= Beginning of Section =
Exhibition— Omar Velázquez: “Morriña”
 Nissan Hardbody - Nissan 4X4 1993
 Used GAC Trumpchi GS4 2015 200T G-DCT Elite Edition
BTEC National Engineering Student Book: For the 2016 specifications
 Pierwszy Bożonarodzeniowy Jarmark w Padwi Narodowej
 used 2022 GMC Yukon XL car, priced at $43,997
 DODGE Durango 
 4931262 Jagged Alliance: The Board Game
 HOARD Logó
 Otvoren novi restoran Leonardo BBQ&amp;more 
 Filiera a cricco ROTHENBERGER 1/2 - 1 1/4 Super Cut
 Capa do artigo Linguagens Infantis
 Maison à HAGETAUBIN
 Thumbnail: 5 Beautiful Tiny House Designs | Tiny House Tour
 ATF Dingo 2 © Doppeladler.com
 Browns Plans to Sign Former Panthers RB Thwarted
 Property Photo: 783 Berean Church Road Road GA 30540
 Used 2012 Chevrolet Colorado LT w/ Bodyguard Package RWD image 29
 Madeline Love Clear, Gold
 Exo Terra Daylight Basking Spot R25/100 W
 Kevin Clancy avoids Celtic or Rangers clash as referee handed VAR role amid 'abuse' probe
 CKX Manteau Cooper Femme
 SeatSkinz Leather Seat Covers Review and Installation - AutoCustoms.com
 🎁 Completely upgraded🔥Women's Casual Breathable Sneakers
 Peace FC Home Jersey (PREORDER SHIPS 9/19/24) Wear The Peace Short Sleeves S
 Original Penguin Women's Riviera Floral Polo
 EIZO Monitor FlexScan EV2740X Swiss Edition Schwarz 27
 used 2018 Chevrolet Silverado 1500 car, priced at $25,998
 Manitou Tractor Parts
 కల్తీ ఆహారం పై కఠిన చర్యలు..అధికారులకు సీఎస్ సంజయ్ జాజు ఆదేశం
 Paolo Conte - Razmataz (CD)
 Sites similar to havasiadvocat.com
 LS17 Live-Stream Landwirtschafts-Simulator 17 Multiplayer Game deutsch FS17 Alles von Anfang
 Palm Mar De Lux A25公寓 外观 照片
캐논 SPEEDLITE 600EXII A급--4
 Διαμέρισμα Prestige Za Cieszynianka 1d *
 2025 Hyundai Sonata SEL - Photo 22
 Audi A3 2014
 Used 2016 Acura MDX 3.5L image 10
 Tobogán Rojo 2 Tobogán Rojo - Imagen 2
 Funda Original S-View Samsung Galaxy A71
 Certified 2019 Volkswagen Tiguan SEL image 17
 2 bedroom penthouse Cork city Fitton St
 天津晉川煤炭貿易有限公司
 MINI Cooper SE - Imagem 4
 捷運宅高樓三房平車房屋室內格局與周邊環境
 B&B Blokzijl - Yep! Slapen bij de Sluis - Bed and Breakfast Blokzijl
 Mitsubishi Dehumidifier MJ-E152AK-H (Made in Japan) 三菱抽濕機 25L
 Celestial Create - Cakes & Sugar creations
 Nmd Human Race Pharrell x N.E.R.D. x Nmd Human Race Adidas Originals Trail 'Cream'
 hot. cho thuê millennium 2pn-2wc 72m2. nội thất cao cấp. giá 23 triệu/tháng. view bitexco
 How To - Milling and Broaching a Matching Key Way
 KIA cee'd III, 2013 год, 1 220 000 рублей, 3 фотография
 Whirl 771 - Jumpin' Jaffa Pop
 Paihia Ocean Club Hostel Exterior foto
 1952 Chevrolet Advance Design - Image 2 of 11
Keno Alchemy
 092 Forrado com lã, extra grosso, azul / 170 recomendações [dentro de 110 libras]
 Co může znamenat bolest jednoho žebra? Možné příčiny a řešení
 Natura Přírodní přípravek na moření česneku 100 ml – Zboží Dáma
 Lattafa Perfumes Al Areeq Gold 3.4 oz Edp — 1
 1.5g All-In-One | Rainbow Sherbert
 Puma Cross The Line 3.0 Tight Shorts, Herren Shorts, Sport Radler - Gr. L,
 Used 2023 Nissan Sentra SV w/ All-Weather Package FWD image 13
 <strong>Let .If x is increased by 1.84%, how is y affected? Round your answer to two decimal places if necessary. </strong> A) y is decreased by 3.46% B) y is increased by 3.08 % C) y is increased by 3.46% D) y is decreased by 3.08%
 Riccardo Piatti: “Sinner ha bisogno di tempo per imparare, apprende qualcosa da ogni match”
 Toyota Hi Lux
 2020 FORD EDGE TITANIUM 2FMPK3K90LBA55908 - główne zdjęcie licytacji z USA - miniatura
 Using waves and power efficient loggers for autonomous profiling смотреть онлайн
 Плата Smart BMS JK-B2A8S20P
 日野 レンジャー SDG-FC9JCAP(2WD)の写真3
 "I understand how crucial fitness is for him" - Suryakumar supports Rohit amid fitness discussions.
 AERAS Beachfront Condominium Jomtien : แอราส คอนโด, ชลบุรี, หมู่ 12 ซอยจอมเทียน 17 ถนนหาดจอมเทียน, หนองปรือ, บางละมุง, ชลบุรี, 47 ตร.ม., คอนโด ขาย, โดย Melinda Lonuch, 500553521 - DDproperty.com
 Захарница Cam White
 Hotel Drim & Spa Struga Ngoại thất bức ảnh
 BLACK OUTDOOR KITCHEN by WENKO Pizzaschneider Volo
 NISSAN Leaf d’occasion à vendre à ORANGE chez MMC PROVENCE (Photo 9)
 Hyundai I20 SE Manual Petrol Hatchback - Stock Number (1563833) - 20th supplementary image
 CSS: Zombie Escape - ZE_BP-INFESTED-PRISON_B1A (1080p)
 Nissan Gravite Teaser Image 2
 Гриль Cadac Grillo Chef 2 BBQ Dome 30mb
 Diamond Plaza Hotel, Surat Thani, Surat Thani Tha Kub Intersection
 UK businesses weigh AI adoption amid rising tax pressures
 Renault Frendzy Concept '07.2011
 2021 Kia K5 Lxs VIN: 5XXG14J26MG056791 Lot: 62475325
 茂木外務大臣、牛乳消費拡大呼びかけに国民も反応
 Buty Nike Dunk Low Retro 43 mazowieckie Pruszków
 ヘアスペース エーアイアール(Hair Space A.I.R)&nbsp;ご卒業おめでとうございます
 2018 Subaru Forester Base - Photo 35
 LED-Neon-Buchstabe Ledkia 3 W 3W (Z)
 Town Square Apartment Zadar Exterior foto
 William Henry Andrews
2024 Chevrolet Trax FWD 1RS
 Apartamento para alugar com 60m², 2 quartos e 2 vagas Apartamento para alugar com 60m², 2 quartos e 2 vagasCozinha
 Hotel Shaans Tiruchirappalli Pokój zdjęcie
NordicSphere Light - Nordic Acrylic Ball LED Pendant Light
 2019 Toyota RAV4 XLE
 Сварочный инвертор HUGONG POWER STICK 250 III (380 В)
= End of Section =
What you should do:
Return all of the data above, keeping every line exactly as it appears.

Answer to the exercise:
Exhibition— Omar Velázquez: “Morriña”
 Nissan Hardbody - Nissan 4X4 1993
 Used GAC Trumpchi GS4 2015 200T G-DCT Elite Edition
BTEC National Engineering Student Book: For the 2016 specifications
 Pierwszy Bożonarodzeniowy Jarmark w Padwi Narodowej
 used 2022 GMC Yukon XL car, priced at $43,997
 DODGE Durango 
 4931262 Jagged Alliance: The Board Game
 HOARD Logó
 Otvoren novi restoran Leonardo BBQ&amp;more 
 Filiera a cricco ROTHENBERGER 1/2 - 1 1/4 Super Cut
 Capa do artigo Linguagens Infantis
 Maison à HAGETAUBIN
 Thumbnail: 5 Beautiful Tiny House Designs | Tiny House Tour
 ATF Dingo 2 © Doppeladler.com
 Browns Plans to Sign Former Panthers RB Thwarted
 Property Photo: 783 Berean Church Road Road GA 30540
 Used 2012 Chevrolet Colorado LT w/ Bodyguard Package RWD image 29
 Madeline Love Clear, Gold
 Exo Terra Daylight Basking Spot R25/100 W
 Kevin Clancy avoids Celtic or Rangers clash as referee handed VAR role amid 'abuse' probe
 CKX Manteau Cooper Femme
 SeatSkinz Leather Seat Covers Review and Installation - AutoCustoms.com
 🎁 Completely upgraded🔥Women's Casual Breathable Sneakers
 Peace FC Home Jersey (PREORDER SHIPS 9/19/24) Wear The Peace Short Sleeves S
 Original Penguin Women's Riviera Floral Polo
 EIZO Monitor FlexScan EV2740X Swiss Edition Schwarz 27
 used 2018 Chevrolet Silverado 1500 car, priced at $25,998
 Manitou Tractor Parts
 కల్తీ ఆహారం పై కఠిన చర్యలు..అధికారులకు సీఎస్ సంజయ్ జాజు ఆదేశం
 Paolo Conte - Razmataz (CD)
 Sites similar to havasiadvocat.com
 LS17 Live-Stream Landwirtschafts-Simulator 17 Multiplayer Game deutsch FS17 Alles von Anfang
 Palm Mar De Lux A25公寓 外观 照片
캐논 SPEEDLITE 600EXII A급--4
 Διαμέρισμα Prestige Za Cieszynianka 1d *
 2025 Hyundai Sonata SEL - Photo 22
 Audi A3 2014
 Used 2016 Acura MDX 3.5L image 10
 Tobogán Rojo 2 Tobogán Rojo - Imagen 2
 Funda Original S-View Samsung Galaxy A71
 Certified 2019 Volkswagen Tiguan SEL image 17
 2 bedroom penthouse Cork city Fitton St
 天津晉川煤炭貿易有限公司
 MINI Cooper SE - Imagem 4
 捷運宅高樓三房平車房屋室內格局與周邊環境
 B&B Blokzijl - Yep! Slapen bij de Sluis - Bed and Breakfast Blokzijl
 Mitsubishi Dehumidifier MJ-E152AK-H (Made in Japan) 三菱抽濕機 25L
 Celestial Create - Cakes & Sugar creations
 Nmd Human Race Pharrell x N.E.R.D. x Nmd Human Race Adidas Originals Trail 'Cream'
 hot. cho thuê millennium 2pn-2wc 72m2. nội thất cao cấp. giá 23 triệu/tháng. view bitexco
 How To - Milling and Broaching a Matching Key Way
 KIA cee'd III, 2013 год, 1 220 000 рублей, 3 фотография
 Whirl 771 - Jumpin' Jaffa Pop
 Paihia Ocean Club Hostel Exterior foto
 1952 Chevrolet Advance Design - Image 2 of 11
Keno Alchemy
 092 Forrado com lã, extra grosso, azul / 170 recomendações [dentro de 110 libras]
 Co může znamenat bolest jednoho žebra? Možné příčiny a řešení
 Natura Přírodní přípravek na moření česneku 100 ml – Zboží Dáma
 Lattafa Perfumes Al Areeq Gold 3.4 oz Edp — 1
 1.5g All-In-One | Rainbow Sherbert
 Puma Cross The Line 3.0 Tight Shorts, Herren Shorts, Sport Radler - Gr. L,
 Used 2023 Nissan Sentra SV w/ All-Weather Package FWD image 13
 <strong>Let .If x is increased by 1.84%, how is y affected? Round your answer to two decimal places if necessary. </strong> A) y is decreased by 3.46% B) y is increased by 3.08 % C) y is increased by 3.46% D) y is decreased by 3.08%
 Riccardo Piatti: “Sinner ha bisogno di tempo per imparare, apprende qualcosa da ogni match”
 Toyota Hi Lux
 2020 FORD EDGE TITANIUM 2FMPK3K90LBA55908 - główne zdjęcie licytacji z USA - miniatura
 Using waves and power efficient loggers for autonomous profiling смотреть онлайн
 Плата Smart BMS JK-B2A8S20P
 日野 レンジャー SDG-FC9JCAP(2WD)の写真3
 "I understand how crucial fitness is for him" - Suryakumar supports Rohit amid fitness discussions.
 AERAS Beachfront Condominium Jomtien : แอราส คอนโด, ชลบุรี, หมู่ 12 ซอยจอมเทียน 17 ถนนหาดจอมเทียน, หนองปรือ, บางละมุง, ชลบุรี, 47 ตร.ม., คอนโด ขาย, โดย Melinda Lonuch, 500553521 - DDproperty.com
 Захарница Cam White
 Hotel Drim & Spa Struga Ngoại thất bức ảnh
 BLACK OUTDOOR KITCHEN by WENKO Pizzaschneider Volo
 NISSAN Leaf d’occasion à vendre à ORANGE chez MMC PROVENCE (Photo 9)
 Hyundai I20 SE Manual Petrol Hatchback - Stock Number (1563833) - 20th supplementary image
 CSS: Zombie Escape - ZE_BP-INFESTED-PRISON_B1A (1080p)
 Nissan Gravite Teaser Image 2
 Гриль Cadac Grillo Chef 2 BBQ Dome 30mb
 Diamond Plaza Hotel, Surat Thani, Surat Thani Tha Kub Intersection
 UK businesses weigh AI adoption amid rising tax pressures
 Renault Frendzy Concept '07.2011
 2021 Kia K5 Lxs VIN: 5XXG14J26MG056791 Lot: 62475325
 茂木外務大臣、牛乳消費拡大呼びかけに国民も反応
 Buty Nike Dunk Low Retro 43 mazowieckie Pruszków
 ヘアスペース エーアイアール(Hair Space A.I.R)&nbsp;ご卒業おめでとうございます
 2018 Subaru Forester Base - Photo 35
 LED-Neon-Buchstabe Ledkia 3 W 3W (Z)
 Town Square Apartment Zadar Exterior foto
 William Henry Andrews
2024 Chevrolet Trax FWD 1RS
 Apartamento para alugar com 60m², 2 quartos e 2 vagas Apartamento para alugar com 60m², 2 quartos e 2 vagasCozinha
 Hotel Shaans Tiruchirappalli Pokój zdjęcie
NordicSphere Light - Nordic Acrylic Ball LED Pendant Light
 2019 Toyota RAV4 XLE
 Сварочный инвертор HUGONG POWER STICK 250 III (380 В)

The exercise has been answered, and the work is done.